Present your proposed design to the customer. You want to give the customer the confidence that it is a good design, so you may want to use designers’ words and phrases. It does help the customer to understand that you know what you are doing.
Look at the picture of a newly designed foldable, lightweight rollator. You are going to describe the entire design process that led to this new model, using the box below.
Firstly the designer investigated problems with existing rollators. He went to talk to ………..
He then wrote down the program of requirements, which he divided into two categories, namely ……………. and ………….
The reader will note that in this specific case the task has no direct function within the students’ design task. This was done in order to help the students to make the transfer of knowledge of design concepts, from the context of their own design task to other contexts. The example, however, serves to show how written language production was facilitated.
The teacher’s guide contains a few suggestions on how to give students feedback on their production of typical subject language. It also encourages teachers to expect high standards on this aspect of their work.
Use of contexts
At the level of the entire text, references are made to different contexts where design concepts are involved (see previous examples). Furthermore, new concepts are embedded in the context of the students’ own design task, thereby allowing them to derive meaning from contextual and experiential cues. At the level of sentences and words, explicit attention is given to the different meaning of a word in different contexts.
The word design is frequently used in daily life. Write down three sentences with the word design.
The word design sometimes refers to just the shape (form) of an object. At other times it refers to the function as well. What does the word design refer to in the next sentences?
The design of the cell phone I am going to buy is really flashy and cool.
The design of the new cell phone makes maximum use of new technologies such as high bandwidth.
My customer was happy with the design of the mp3-player holder.
Technology education is a contested field that is claimed by those who look at it as mostly hand work, rule-driven, serving the needs of industry and those who favor a more academic and philosophical approach (Dakers, 2006). Many teachers and students belief that technology education should be about doing rather than about thinking. Language, particularly in written form, is much more strongly associated with thinking than with doing. It was therefore clear from the onset that the teachers as well as the students had to be helped to understand the entanglement of language and subject content.
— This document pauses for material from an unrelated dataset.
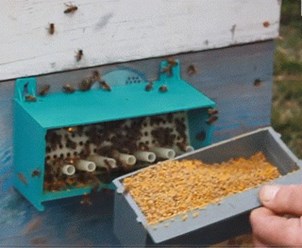 Сбор пчелиной пыльцы - обножки. Это источник всех микронутриентов (витамины, микроэлементы, аминокислоты)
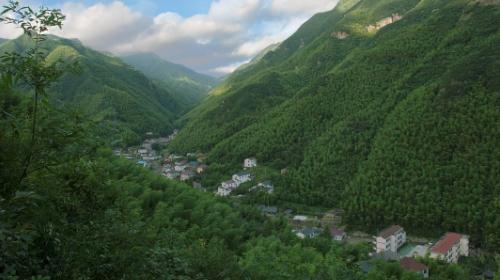 龙王村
Although the first version of the booklet and the teacher’s guide did stress the importance of language pedagogy, it became clear during the trial that Tom was hesitant to adopt the suggested teaching strategies. He complained that there was too much thinking before the doing, which would put students off. When we reviewed our own work, we could only agree with his criticism. We had proposed a design pedagogy whereby students had to establish the requirements for the design and engage in a lot of academic work, partly language related, before they could start making their design. Since the materials needed to be prototypical with regard to language sensitive technology teaching, we decided to adapt the design pedagogy, rather than the language pedagogy. At the beginning of the project an ‘inspiration table’ was introduced, which now allowed students to start ‘thinking with their hands’ right away (Kimbell, 2004).
During a number of discussions with the researcher, Tom said that he began to understand the importance of what we were trying to achieve. Whether this shift in attitude could be achieved without such discussions remains unclear, but we nevertheless decided to enhance our work with more explicit attention to the importance of subject-based used of language, not only for a designer but for anyone who engages with technology.
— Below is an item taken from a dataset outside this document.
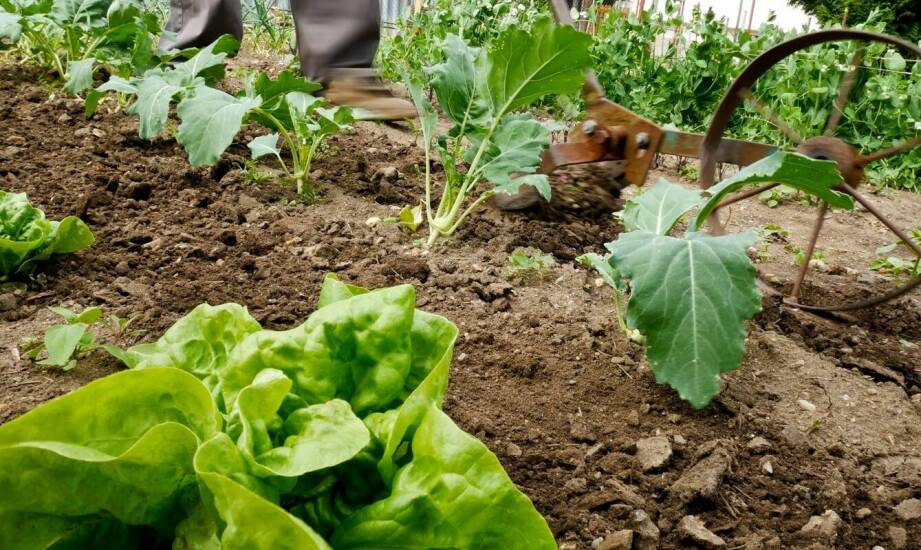 Wpływ mocy ogrodowych glebogryzarek na wydajność pracy w ogrodzie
In order to address the students without needing the teacher as an intermediate, we also decided to incorporate a comic video into the lessons, in which a television cook is trying to explain how to prepare a Christmas dinner without using any jargon at all (“you take that stuff and chop it up with a special thing and then you put it into one of these things” )
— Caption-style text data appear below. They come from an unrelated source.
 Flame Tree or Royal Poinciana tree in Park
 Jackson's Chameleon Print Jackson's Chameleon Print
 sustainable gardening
Example from teacher’s guide
At the end of the project, students should understand the entanglement of design skills and language skills. However, they will not automatically make the transfer to contexts where technological skills and knowledge are less apparent. The teacher can help to achieve this transfer with Socratic dialogue, involving different technological contexts. Possible starting points are:
A gardener is asked to redesign a garden of an old couple. He first visits the customers to have a look at the old garden, to talk about their wishes and to try to get the job. What could happen if the gardener uses excessive technical language? What could happen if he uses no technological language at all?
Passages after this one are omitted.